Raw data:
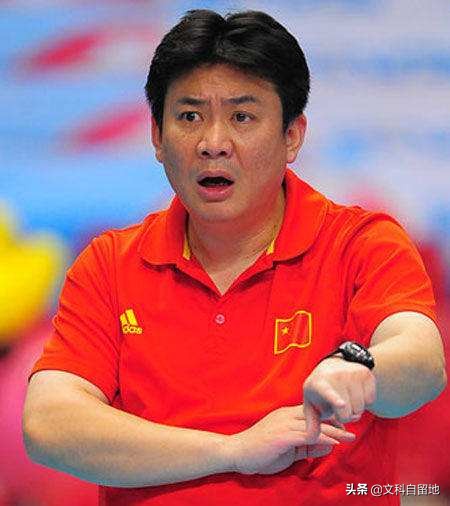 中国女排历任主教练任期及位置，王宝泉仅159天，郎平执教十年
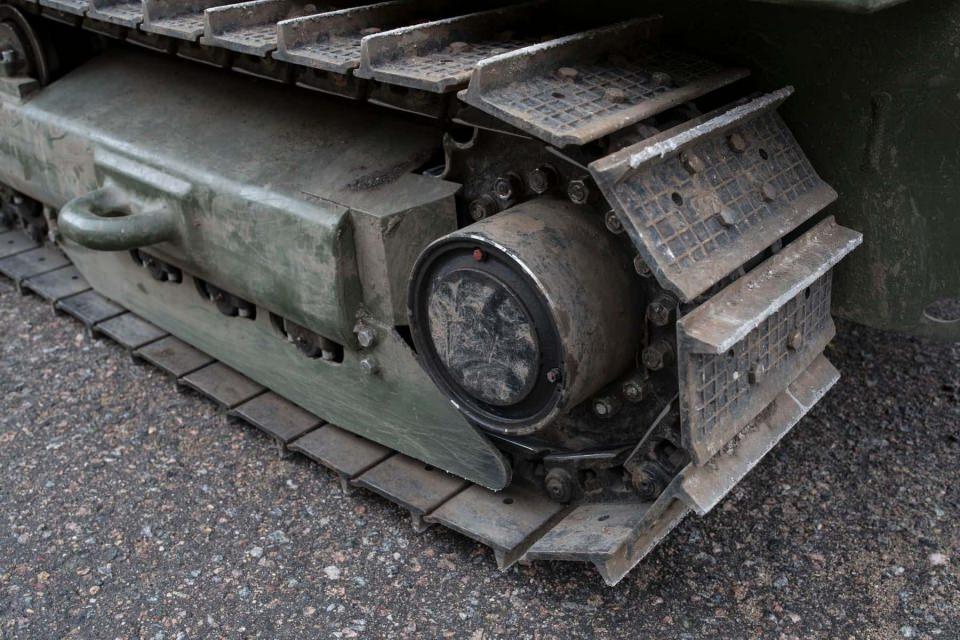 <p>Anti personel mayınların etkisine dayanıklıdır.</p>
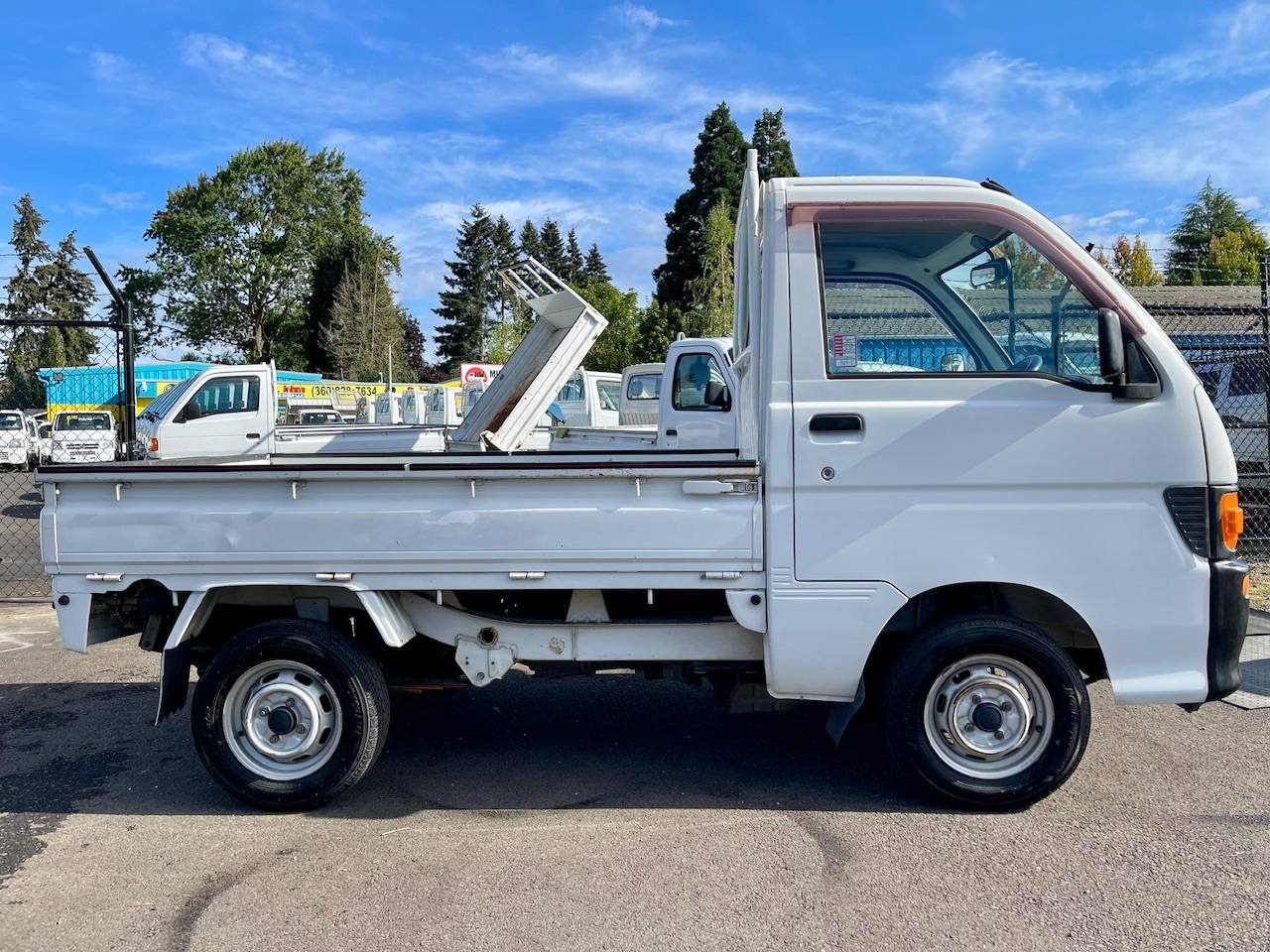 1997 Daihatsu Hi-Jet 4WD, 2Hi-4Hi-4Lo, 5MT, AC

What you are asked to do: Output the complete listing exactly as it appears, except for the images.

Response for this exercise:
 中国女排历任主教练任期及位置，王宝泉仅159天，郎平执教十年
 <p>Anti personel mayınların etkisine dayanıklıdır.</p>
 1997 Daihatsu Hi-Jet 4WD, 2Hi-4Hi-4Lo, 5MT, AC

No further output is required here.